(Task directions) In the records below, take the line containing "Dry cleaning service Abu Dhabi" and reproduce it and every subsequent line exactly, adding nothing.

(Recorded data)
══════════════════════════════
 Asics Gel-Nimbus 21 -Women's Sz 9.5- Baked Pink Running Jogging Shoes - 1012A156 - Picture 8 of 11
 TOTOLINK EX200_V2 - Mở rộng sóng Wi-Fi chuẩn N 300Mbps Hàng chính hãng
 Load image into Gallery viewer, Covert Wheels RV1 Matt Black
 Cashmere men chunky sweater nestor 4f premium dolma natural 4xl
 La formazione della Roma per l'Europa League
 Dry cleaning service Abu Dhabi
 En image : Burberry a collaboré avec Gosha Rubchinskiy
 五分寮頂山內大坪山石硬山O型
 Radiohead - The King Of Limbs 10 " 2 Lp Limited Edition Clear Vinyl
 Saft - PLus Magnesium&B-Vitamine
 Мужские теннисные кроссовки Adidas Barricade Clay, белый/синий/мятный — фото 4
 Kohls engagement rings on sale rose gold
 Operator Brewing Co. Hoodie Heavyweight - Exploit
══════════════════════════════
(Task solution)
 Dry cleaning service Abu Dhabi
 En image : Burberry a collaboré avec Gosha Rubchinskiy
 五分寮頂山內大坪山石硬山O型
 Radiohead - The King Of Limbs 10 " 2 Lp Limited Edition Clear Vinyl
 Saft - PLus Magnesium&B-Vitamine
 Мужские теннисные кроссовки Adidas Barricade Clay, белый/синий/мятный — фото 4
 Kohls engagement rings on sale rose gold
 Operator Brewing Co. Hoodie Heavyweight - Exploit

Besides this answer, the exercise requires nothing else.